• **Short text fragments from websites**
++++
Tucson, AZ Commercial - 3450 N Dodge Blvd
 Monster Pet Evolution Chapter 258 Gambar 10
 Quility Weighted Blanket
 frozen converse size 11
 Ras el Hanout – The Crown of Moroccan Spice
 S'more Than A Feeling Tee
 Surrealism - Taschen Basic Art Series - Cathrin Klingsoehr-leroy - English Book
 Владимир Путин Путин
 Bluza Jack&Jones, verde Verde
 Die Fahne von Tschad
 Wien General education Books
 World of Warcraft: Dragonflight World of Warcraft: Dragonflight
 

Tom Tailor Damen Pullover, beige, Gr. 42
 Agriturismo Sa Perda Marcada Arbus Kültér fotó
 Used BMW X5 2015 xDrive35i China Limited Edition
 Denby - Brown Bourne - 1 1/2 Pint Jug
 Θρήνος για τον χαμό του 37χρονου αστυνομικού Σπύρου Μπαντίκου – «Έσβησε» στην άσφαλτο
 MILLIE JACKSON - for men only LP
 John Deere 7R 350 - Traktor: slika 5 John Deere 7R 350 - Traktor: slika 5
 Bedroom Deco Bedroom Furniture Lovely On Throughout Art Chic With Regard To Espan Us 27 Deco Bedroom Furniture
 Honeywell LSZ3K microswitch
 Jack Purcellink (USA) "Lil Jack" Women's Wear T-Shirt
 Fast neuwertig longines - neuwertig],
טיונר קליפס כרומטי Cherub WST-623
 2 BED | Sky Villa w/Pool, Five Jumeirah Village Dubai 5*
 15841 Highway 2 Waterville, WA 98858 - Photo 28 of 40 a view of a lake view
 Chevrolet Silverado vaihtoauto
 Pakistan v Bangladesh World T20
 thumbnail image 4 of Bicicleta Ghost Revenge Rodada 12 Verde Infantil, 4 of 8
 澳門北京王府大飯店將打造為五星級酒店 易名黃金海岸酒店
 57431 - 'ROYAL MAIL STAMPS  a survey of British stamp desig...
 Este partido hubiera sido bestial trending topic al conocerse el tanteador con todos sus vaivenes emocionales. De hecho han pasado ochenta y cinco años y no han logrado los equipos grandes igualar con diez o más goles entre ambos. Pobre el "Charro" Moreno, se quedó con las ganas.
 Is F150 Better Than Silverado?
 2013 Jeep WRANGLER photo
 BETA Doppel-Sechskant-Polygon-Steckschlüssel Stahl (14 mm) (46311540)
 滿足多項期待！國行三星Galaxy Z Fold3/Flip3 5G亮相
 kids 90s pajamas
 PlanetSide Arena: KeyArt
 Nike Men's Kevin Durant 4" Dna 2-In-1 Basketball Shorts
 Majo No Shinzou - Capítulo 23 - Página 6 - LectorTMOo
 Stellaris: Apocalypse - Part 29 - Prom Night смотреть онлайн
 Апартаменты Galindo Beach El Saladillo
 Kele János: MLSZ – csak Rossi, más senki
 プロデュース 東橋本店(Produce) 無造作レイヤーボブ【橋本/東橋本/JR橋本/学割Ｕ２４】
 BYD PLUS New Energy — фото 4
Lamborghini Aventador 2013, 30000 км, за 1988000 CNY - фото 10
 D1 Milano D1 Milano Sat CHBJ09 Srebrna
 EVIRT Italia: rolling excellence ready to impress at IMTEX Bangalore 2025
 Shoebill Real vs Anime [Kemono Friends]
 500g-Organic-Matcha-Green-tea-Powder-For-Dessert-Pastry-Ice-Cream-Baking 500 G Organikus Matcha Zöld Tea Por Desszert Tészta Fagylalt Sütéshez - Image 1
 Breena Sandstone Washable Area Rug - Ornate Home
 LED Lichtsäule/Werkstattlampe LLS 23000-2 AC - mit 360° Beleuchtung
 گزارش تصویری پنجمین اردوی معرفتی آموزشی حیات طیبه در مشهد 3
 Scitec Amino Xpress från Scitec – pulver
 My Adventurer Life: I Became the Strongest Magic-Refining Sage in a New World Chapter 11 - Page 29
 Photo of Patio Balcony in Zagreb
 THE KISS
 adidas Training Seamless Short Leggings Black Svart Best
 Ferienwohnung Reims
++++
• **TASK INSTRUCTIONS**
Above are the entries; repeat their lines exactly, from the first through the one that contains "57431 - 'ROYAL".

• **WORKED SOLUTION**
Tucson, AZ Commercial - 3450 N Dodge Blvd
 Monster Pet Evolution Chapter 258 Gambar 10
 Quility Weighted Blanket
 frozen converse size 11
 Ras el Hanout – The Crown of Moroccan Spice
 S'more Than A Feeling Tee
 Surrealism - Taschen Basic Art Series - Cathrin Klingsoehr-leroy - English Book
 Владимир Путин Путин
 Bluza Jack&Jones, verde Verde
 Die Fahne von Tschad
 Wien General education Books
 World of Warcraft: Dragonflight World of Warcraft: Dragonflight
 

Tom Tailor Damen Pullover, beige, Gr. 42
 Agriturismo Sa Perda Marcada Arbus Kültér fotó
 Used BMW X5 2015 xDrive35i China Limited Edition
 Denby - Brown Bourne - 1 1/2 Pint Jug
 Θρήνος για τον χαμό του 37χρονου αστυνομικού Σπύρου Μπαντίκου – «Έσβησε» στην άσφαλτο
 MILLIE JACKSON - for men only LP
 John Deere 7R 350 - Traktor: slika 5 John Deere 7R 350 - Traktor: slika 5
 Bedroom Deco Bedroom Furniture Lovely On Throughout Art Chic With Regard To Espan Us 27 Deco Bedroom Furniture
 Honeywell LSZ3K microswitch
 Jack Purcellink (USA) "Lil Jack" Women's Wear T-Shirt
 Fast neuwertig longines - neuwertig],
טיונר קליפס כרומטי Cherub WST-623
 2 BED | Sky Villa w/Pool, Five Jumeirah Village Dubai 5*
 15841 Highway 2 Waterville, WA 98858 - Photo 28 of 40 a view of a lake view
 Chevrolet Silverado vaihtoauto
 Pakistan v Bangladesh World T20
 thumbnail image 4 of Bicicleta Ghost Revenge Rodada 12 Verde Infantil, 4 of 8
 澳門北京王府大飯店將打造為五星級酒店 易名黃金海岸酒店
 57431 - 'ROYAL MAIL STAMPS  a survey of British stamp desig...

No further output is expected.